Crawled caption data
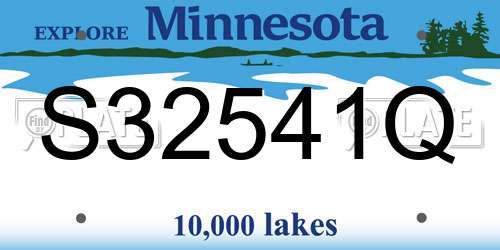 S32541Q Minnesota License Plate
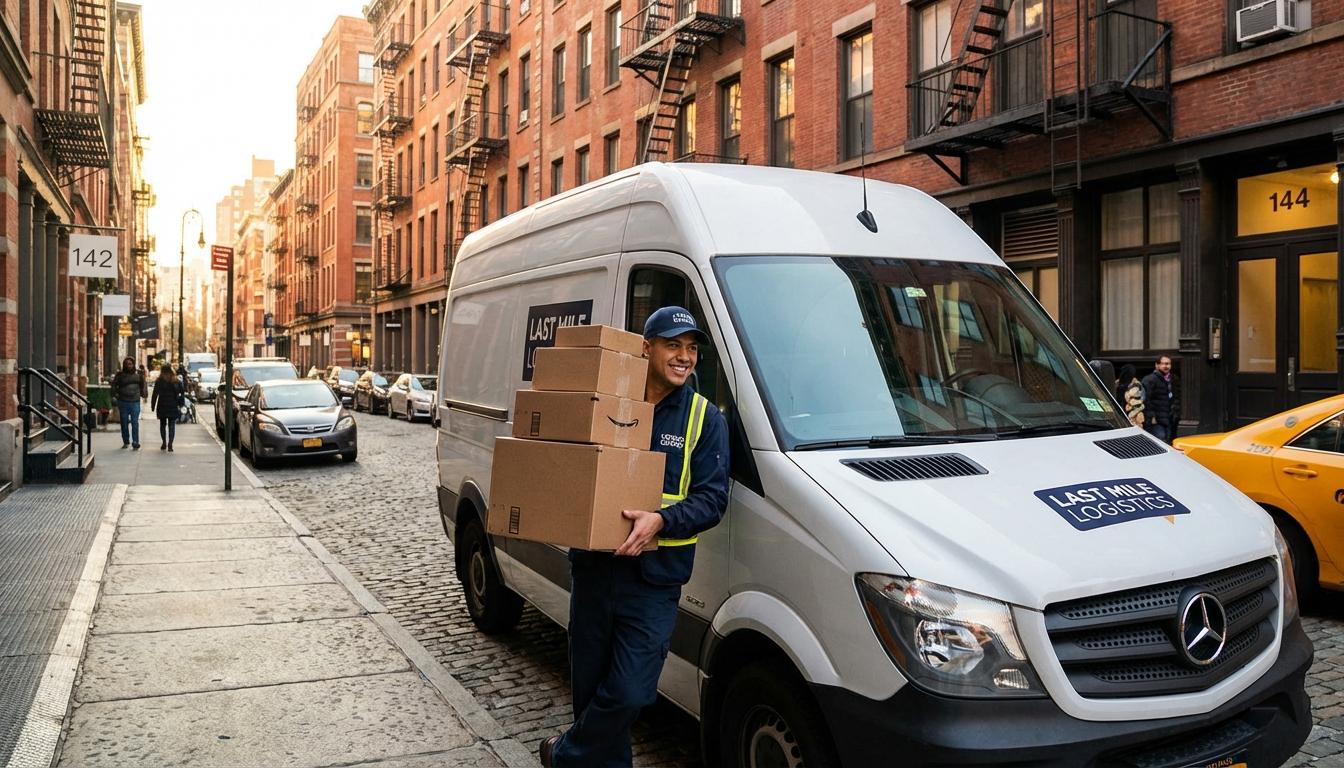 Delivery driver navigating urban streets with packages representing last mile delivery challenges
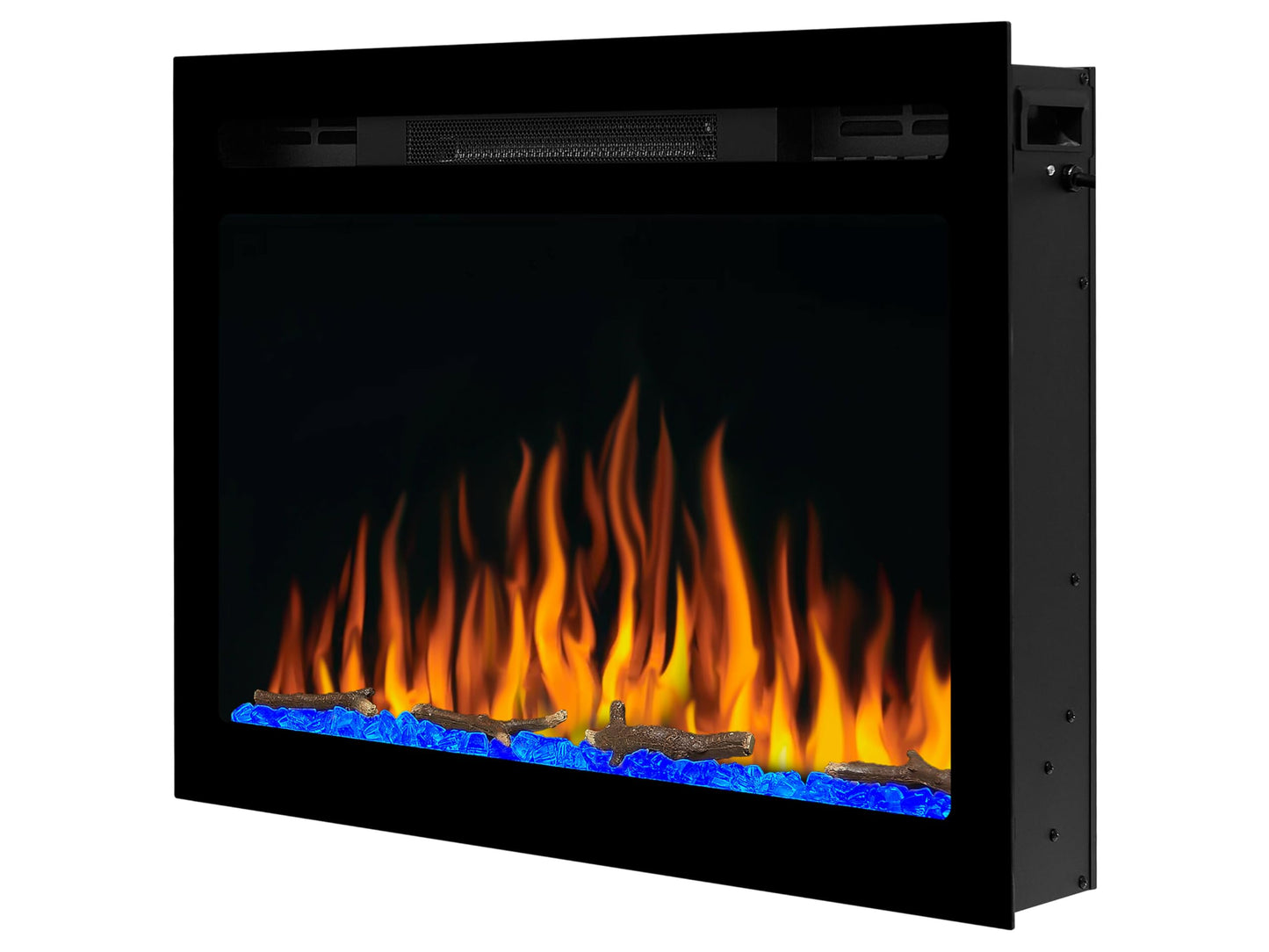ArtiFlame Elektrokamin AF27WR Multicolor, Elektrischer Einbaukamin mit Heizung 900/1800 W, realistischer 3D-Flammeneffekt, LED-Beleuchtung, Fernbedienung, Timer, Thermostat, Knistereffekt, Schwarz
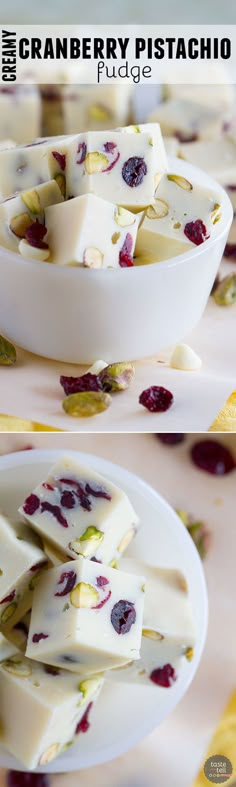 cranberry pistachio fudge is an easy and delicious dessert that's ready to be eaten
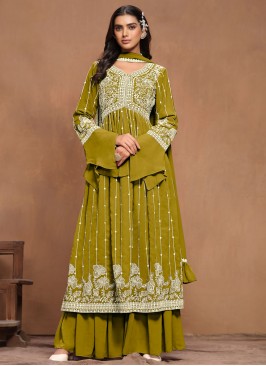 Embroidered Faux Georgette Trendy Salwar Kameez in Green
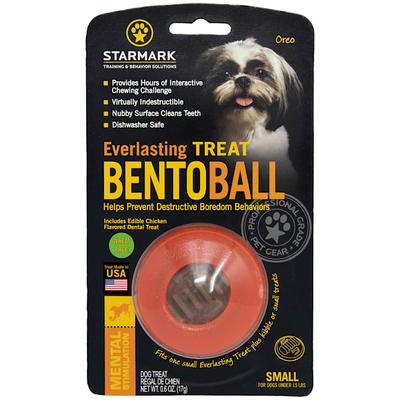 Everlasting Bento Ball with Dental Treat Dog Toy, Small, Orange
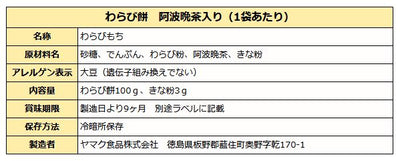 阿波晩茶入り わらび餅 ( きな粉付き )
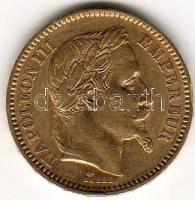 Franciaország 1865 20Fr "Napoleon" 6,4516g arany T:3+   aranyáron !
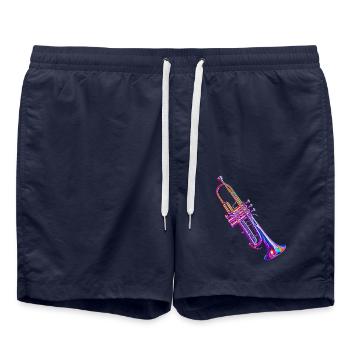 Trompete - Badeshorts - French Navy - Vorne - AI Model Male 185 light (185cm)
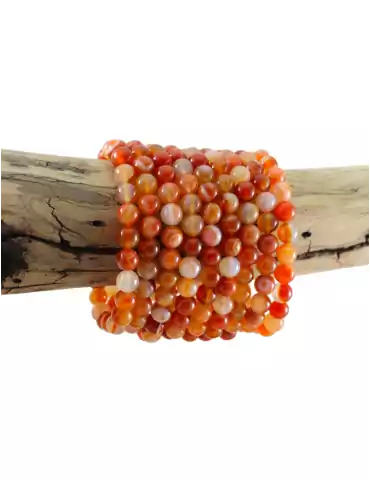 Red Sardonyx Agate Bead Bracelet A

Exercise
Beginning with the line that contains "Delivery driver navigating", print exactly every line through the end of the records, both included. Omit the pictures.

Result below
 Delivery driver navigating urban streets with packages representing last mile delivery challenges
ArtiFlame Elektrokamin AF27WR Multicolor, Elektrischer Einbaukamin mit Heizung 900/1800 W, realistischer 3D-Flammeneffekt, LED-Beleuchtung, Fernbedienung, Timer, Thermostat, Knistereffekt, Schwarz
 cranberry pistachio fudge is an easy and delicious dessert that's ready to be eaten
 Embroidered Faux Georgette Trendy Salwar Kameez in Green
 Everlasting Bento Ball with Dental Treat Dog Toy, Small, Orange
 阿波晩茶入り わらび餅 ( きな粉付き )
 Franciaország 1865 20Fr "Napoleon" 6,4516g arany T:3+   aranyáron !
 Trompete - Badeshorts - French Navy - Vorne - AI Model Male 185 light (185cm)
 Red Sardonyx Agate Bead Bracelet A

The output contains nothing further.